# Problème réseau entre Mac (Big Sur) et Windows 10



## Anouchkange-1 (17 Février 2022)

Bonjour,
J'ai un réseau avec 4 macs (petite entreprise). Pour utiliser Windows, nous utilisons Parallel Desktop.
Un des ordinateurs sert de serveur (les données sont stockées dessus), tous les autres se connectent à lui. Tout marche très bien entre Mac. Cela se complique lorsqu'on passe sur Windows :
Nous avons besoin d'accéder aux fichiers du Mac depuis Windows. La version de Windows est 10 (Parallel en version 16 - mais problème identique sur la 17). Le Mac (qui sert de serveur) est sous Big Sur (macbook pro avec puce M1).
Sur Windows, j'ai configuré la découverte du réseau, le nom de réseau Workgroup...
Sur Mac j'ai activité le partage de fichier, partage SMB, vérifier le nom du groupe de travail Workgroup.
Mais rien n'y fait, le mac n'est pas visible depuis Windows. Windows voit bien les autres windows par contre (ceux qui sont émulés sur les autres Mac), il voit le propre Mac qui l'héberge, mais c'est tout, pas le Mac (serveur).
Quelqu'un voit-il le problème ?
Merci d'avance,


----------



## Anouchkange-1 (18 Février 2022)

Je précise que dans les réglages réseaux de Parallel, j'ai activé "réseau ponté"  et non "réseau partagé" comme cela est recommandé. En effet, lorsque j'active "réseau partagé", je ne vois même plus les PC du réseau local.


----------



## zeltron54 (18 Février 2022)

Bonjour,

Bien que je ne sois pas spécialiste en réseau, il me semble que les disques mac, depuis Mojave, dont formaté au format APFS, format qui n'est pas connu ni reconnu par Window.
Il existe peut être une solution, chez "Paragon" il y a un logiciel qui permet à window de gérer l'APFS,  à Voir je n'ai jamais essayé.


----------



## kasimodem (18 Février 2022)

Bonjour,

Le protocole de découverte de réseau de Windows est spécifique, il ne fonctionnera pas forcément sur Mac, surtout avec le firewall intégré des Mac.
Mais en fait peu importe, ce que tu veux c'est juste accéder à un partage, pas visiter tout ton réseau.
Dans l'explorateur Windows, quand tu es sur "Ce PC" à gauche, clique sur "Connecter un lecteur réseau" en haut et tu entres \\nom_du_mac_serveur_smb\nom_du_dossier_partagé_smb et tu coches "Se reconnecter".
Selon les droits d'accès que tu as mis sur le dossier partagé depuis le Mac, soit ça fonctionne automatiquement, soit il faut entrer les identifiants du compte autorisé à accéder.

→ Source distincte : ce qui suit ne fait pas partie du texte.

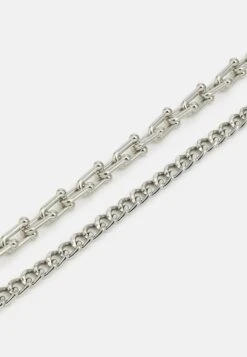 Pier One 2Pack - Collar - Silver-Coloured 7 Pier One 2Pack - Collar - Silver-Coloured -Ropa Pier One 23c8383e0729412092bac4e451522a5d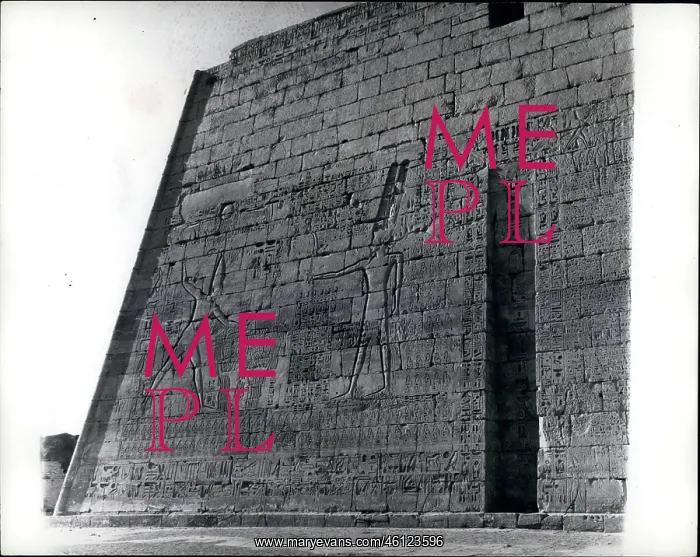 : Hieroglyphs on Temple of King Rhamses, Egypt : Hieroglyphs on Temple of King Rhamses, Egypt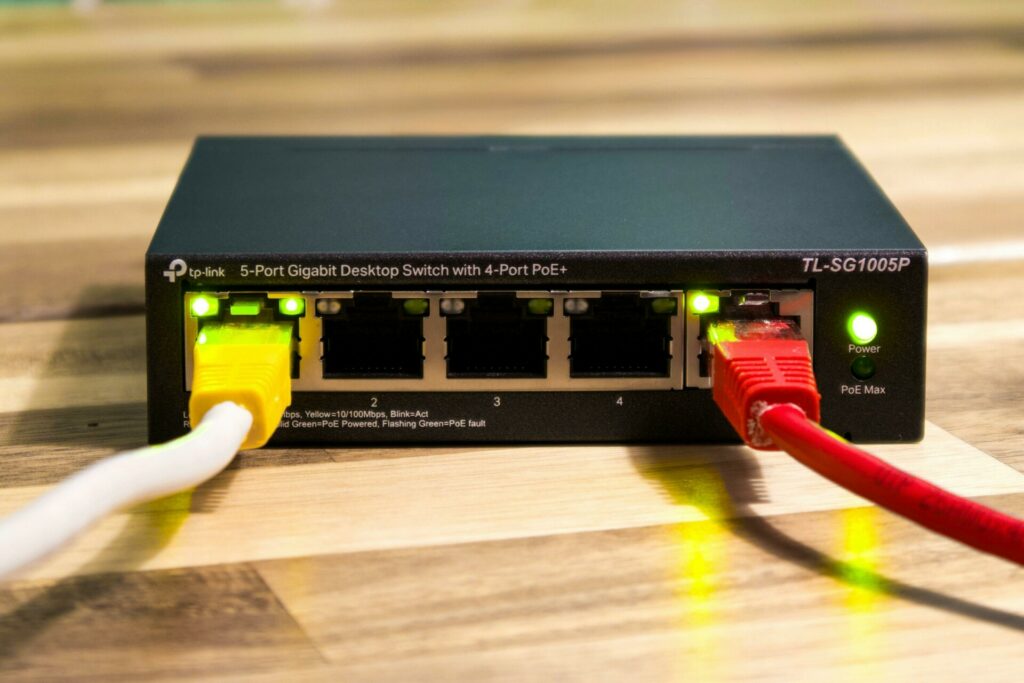 Αλουμινόχαρτο κάτω από το WiFi – Τι κάνει και γιατί το προτείνουν οι ειδικοί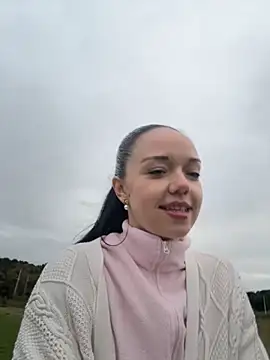 Vanesskaa online show from October 10, 4:28 pm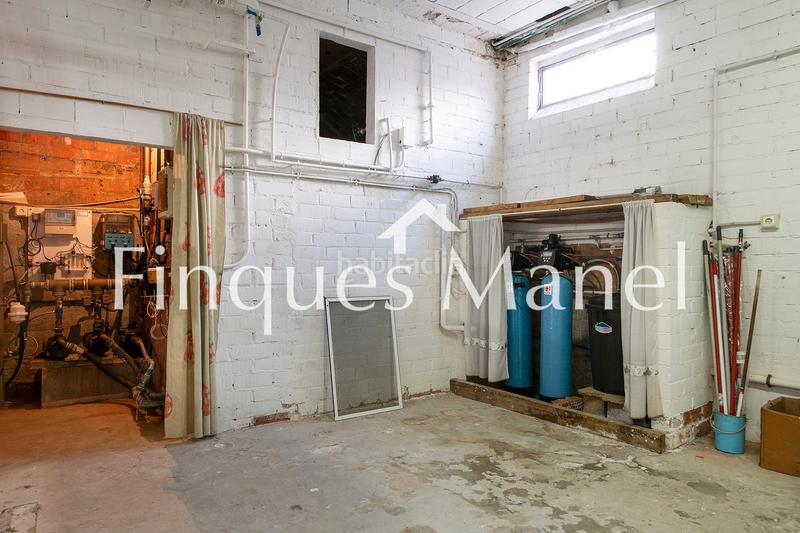 Foto a1a1b182-98d4-4ff3-811d-1cf90a697257. Edifici a avinguda de girona 11 a Eixample Residencial Escala (L´)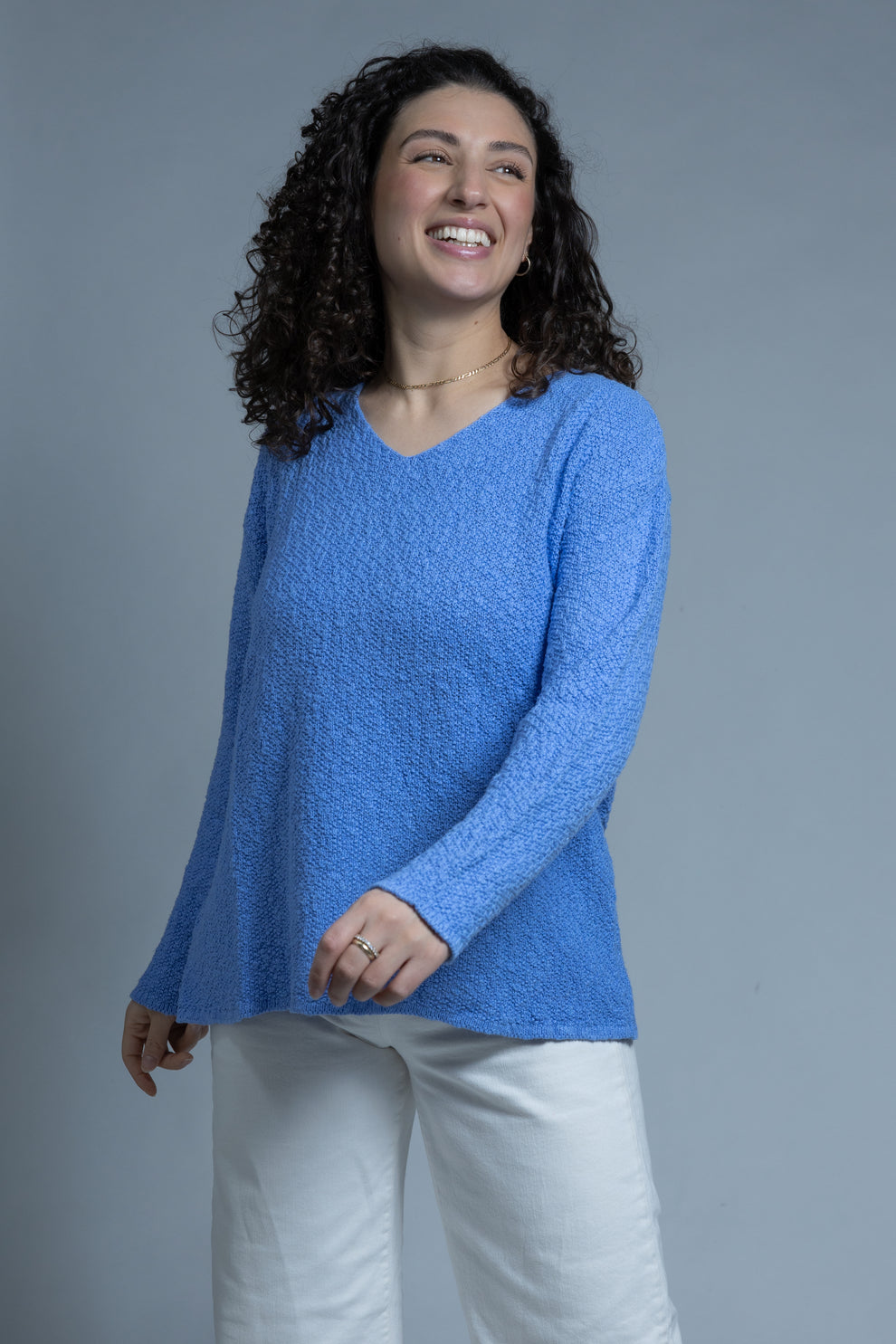 Avalin 2080 V-Neck Scramble Stitch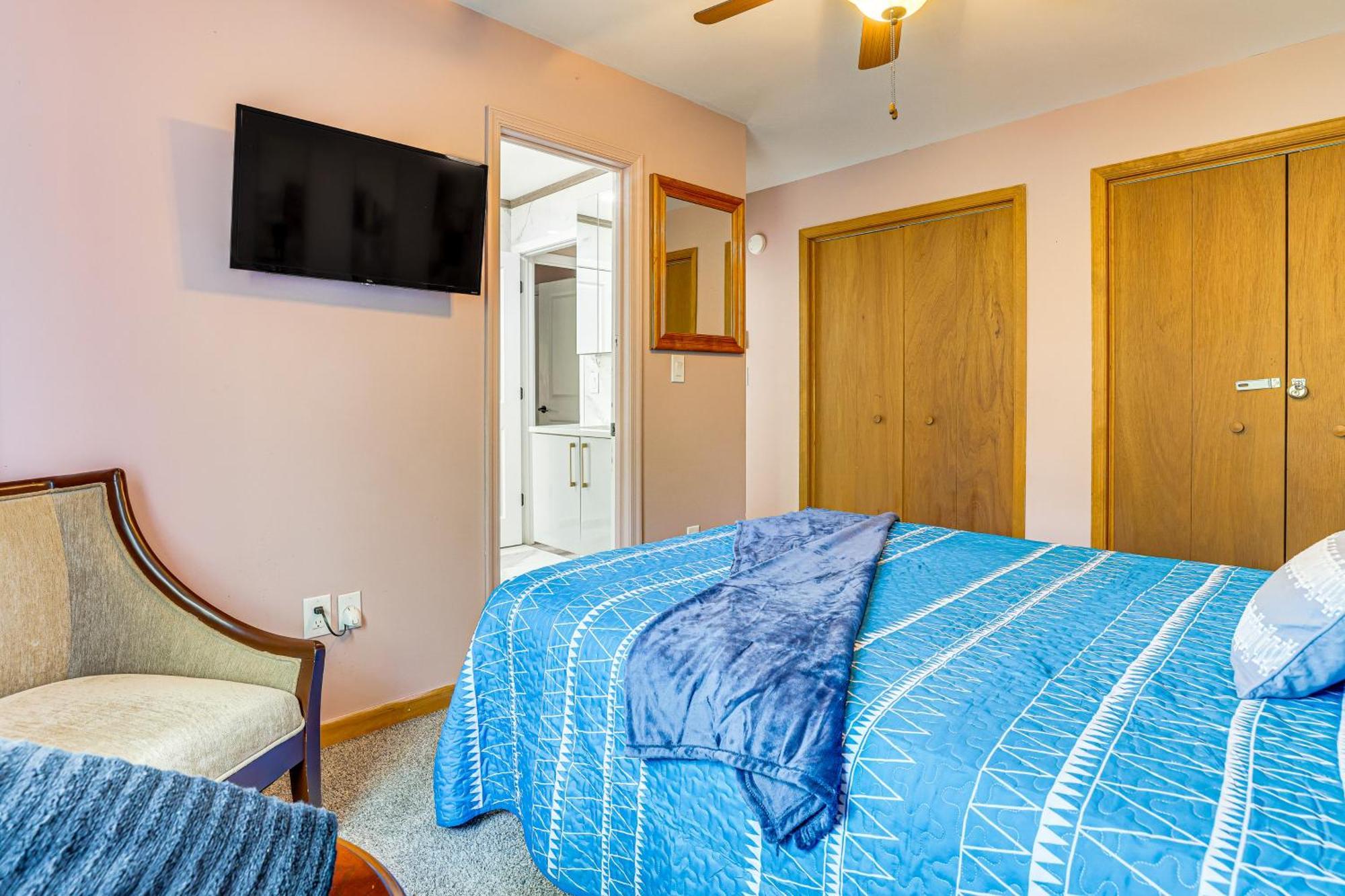 Pocono Getaway Hot Tub, Community Access! *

EDIT : le formatage du disque n'a rien à voir, car on parle d'accès réseau SMB, ce qui est indépendant du type de disque source.


----------



## Anouchkange-1 (21 Février 2022)

Bonjour,
J'ai un peu galéré en indiquant \\nom_du_mac_serveur_smb\nom_du_dossier_partagé_smb puis j'ai fini par indiquer \\IP de l'ordinateur serveur et ça marche nickel. Merci beaucoup !


----------